Notícia de última hora: Passos Coelho quer começar a governar

1.    No início da presente semana, Passos Coelho revelou aos portugueses algo deveras surpreendente: a reforma do Estado, finalmente, vai começar a ser implementada. O Primeiro-Ministro conta executar, muito brevemente, um plano de redução da despesa do Estado, mudando de paradigma no que respeita à separação entre o que é público e o que é…

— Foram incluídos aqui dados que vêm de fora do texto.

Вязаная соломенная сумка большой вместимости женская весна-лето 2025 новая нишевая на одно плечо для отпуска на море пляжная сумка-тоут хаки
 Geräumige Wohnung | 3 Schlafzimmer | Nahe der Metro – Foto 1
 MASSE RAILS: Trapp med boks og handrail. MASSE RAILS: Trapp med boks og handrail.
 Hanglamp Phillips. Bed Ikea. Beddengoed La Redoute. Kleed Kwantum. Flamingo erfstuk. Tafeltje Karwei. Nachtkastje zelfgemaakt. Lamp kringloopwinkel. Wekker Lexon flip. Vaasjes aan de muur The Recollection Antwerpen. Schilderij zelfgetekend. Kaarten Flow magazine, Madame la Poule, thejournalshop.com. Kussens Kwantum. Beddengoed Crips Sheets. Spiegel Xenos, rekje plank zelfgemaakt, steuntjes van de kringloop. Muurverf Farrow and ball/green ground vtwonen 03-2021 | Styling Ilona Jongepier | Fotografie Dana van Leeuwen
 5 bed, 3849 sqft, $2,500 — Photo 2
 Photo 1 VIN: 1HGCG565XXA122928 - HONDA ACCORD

2.    Dito isto, o que não deixa de impressionar é que, no fundo, Passos Coelho vem assumir que agora é pretende começar a governar o país. Sim, porque declarar que agora é que vai pensar e executar um plano para reformar o Estado – é o mesmo que dizer que, a partir de agora, é que vai começar a fazer aquilo para que foi eleito. Ora, tal deixa-nos perplexos e altamente preocupados: primeiro, porque Passos Coelho vem confessar que esteve três anos a fazer rigorosamente nada, literalmente a “apanhar bonés”; segundo, porque Passos Coelho vem dar razão aos mais cépticos: de facto, o Primeiro-Ministro confessou que Portugal perdeu quatro anos para fazer as reformas que são inevitáveis. Foi tempo perdido! Dir-se-á que Portugal, aplicando o programa da troika, recuperou a sua credibilidade internacional e a estabilidade financeira: mas, se tal basta para governar Portugal, então, e vez de um Governo e de uma maioria eleita, bastaria ter um funcionário do Ministério das Finanças ou um administrador da troika para gerir o país durante três anos e, depois, logo se resolveria a questão! Governar é mais (muito mais) do que aplicar um programa concebido por uma organização internacional ! 

3.    Por outro lado, foi tempo perdido. Porquê? Porque, neste momento, é uma impossibilidade política lógica aplicar um programa de reforma do Estado. Por três razões essenciais: 

1)    Passos Coelho sabe que estamos a um das eleições legislativas. A partir de Fevereiro/Março, estaremos em período de pré-campanha eleitoral, com o PS a aumentar o tom e a violência contra o Governo – e o PSD em período de balanço do que fez (e a falar da herança socrática) e a não querer saber do futuro. Ora, a reforma do Estado – para ser minimamente sustentável, equilibrada e viável – implica reflexão, diálogo, ponderação, execução rigorosa e avaliação. Precisa de tempo. Tempo que Passos Coelho não tem: não se faz uma reforma do Estado em  ou seis meses; 

2)    Passos Coelho sabe que é impossível chegar a um entendimento sólido com Paulo Portas sobre a reforma do Estado. Todos nos lembramos da rábulo do guião da reforma do Estado protagonizada por Paulo Portas e Passos Coelho: um cardápio de dezenas de ideias feitas, juntas sem coerência, soltas, demorou um ano a ser apresentado (foi sendo sucessivamente adiado o seu anúncio!). Num momento em que Passos Coelho e Portas estão a negociar o acordo de coligação – com enormes dificuldades -, alguém acredita que Passos vai criar um novo sarilho com o líder do CDS, a meses de começar a pré-campanha eleitoral?

3)    Por último, Passos Coelho sabe que a reforma de sectores chave depende ou poderão implicar uma concertação prévia com o PS. O qual, pelo menos até às legislativas, é impossível. E o curioso é que o próprio Passos Coelho já admitiu a sua incapacidade de aplicar medidas estruturais até ao fim desta legislatura: recorde-se que Passos afirmou no Pontal que não apresentará qualquer reforma da segurança social até às eleições – e convidou o PS para uma reforma deste sector essencial da nossa vida colectiva. Então, uma reforma da segurança social é impossível – mas já será possível uma reforma da Educação ou Saúde? Porquê? Claro que não. Passos Coelho sabe que muito pouco fará até 2015.

Em suma, a resolução interior de Passos Coelho de que quer mesmo governar Portugal é uma excelente notícia. Mas surge tarde. Demasiado tarde. Três anos mais tarde. Infelizmente para Portugal.